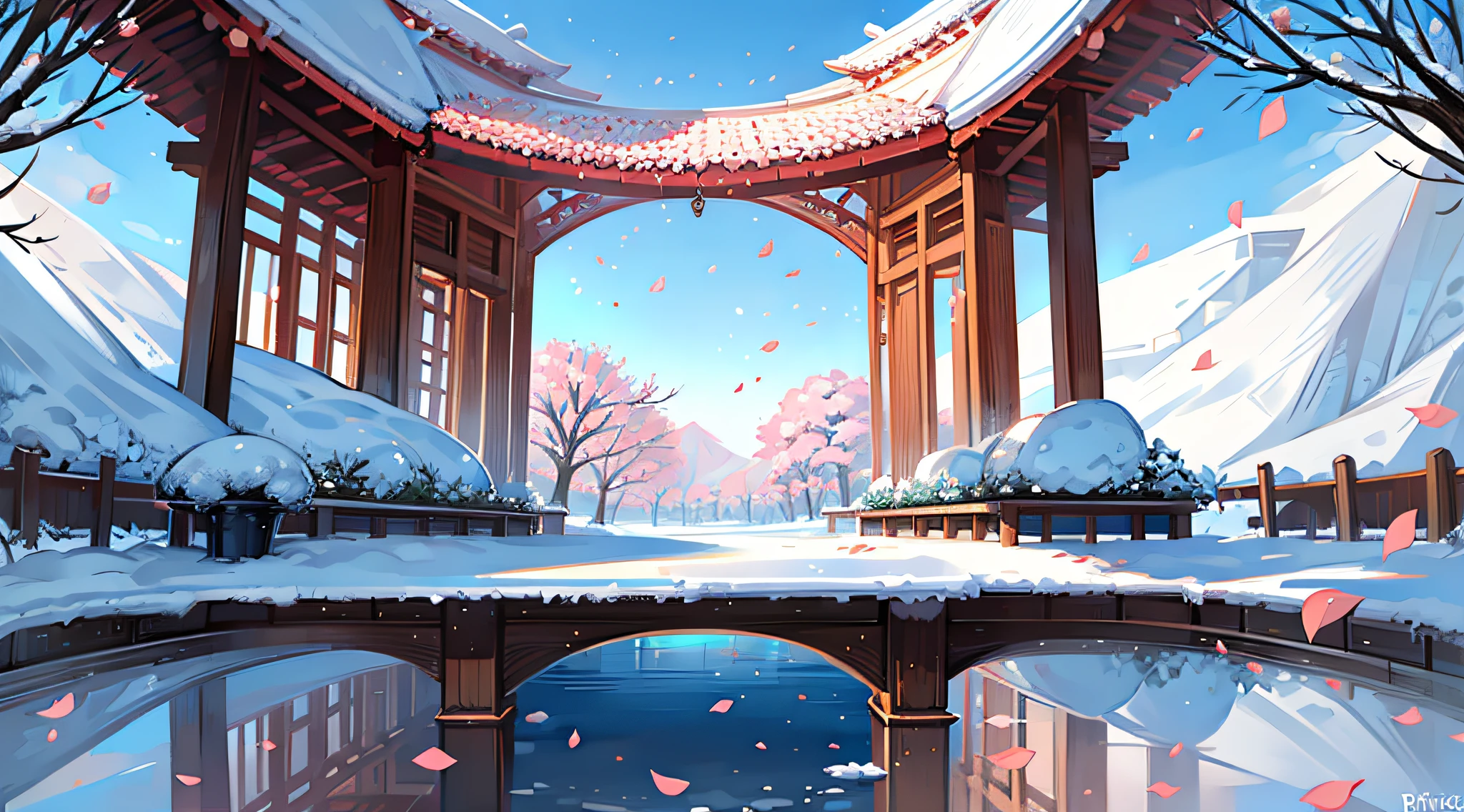 Peach blossom tree,rios,gazebo,falling flower petals,clear blue skies,Petals fall on the surface of the river,snow covered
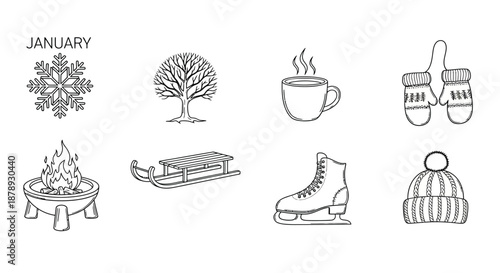 Winter activities and symbols of january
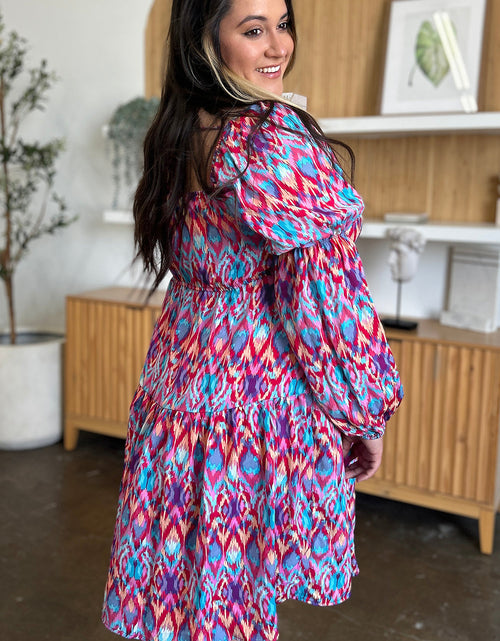 Load image into Gallery viewer, Double Take Full Size Printed Long Sleeve Dress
● ● ● ●
Write the listing out in full, exactly; no images.

**Reply to the task**:
 Peach blossom tree,rios,gazebo,falling flower petals,clear blue skies,Petals fall on the surface of the river,snow covered
 Winter activities and symbols of january
 Load image into Gallery viewer, Double Take Full Size Printed Long Sleeve Dress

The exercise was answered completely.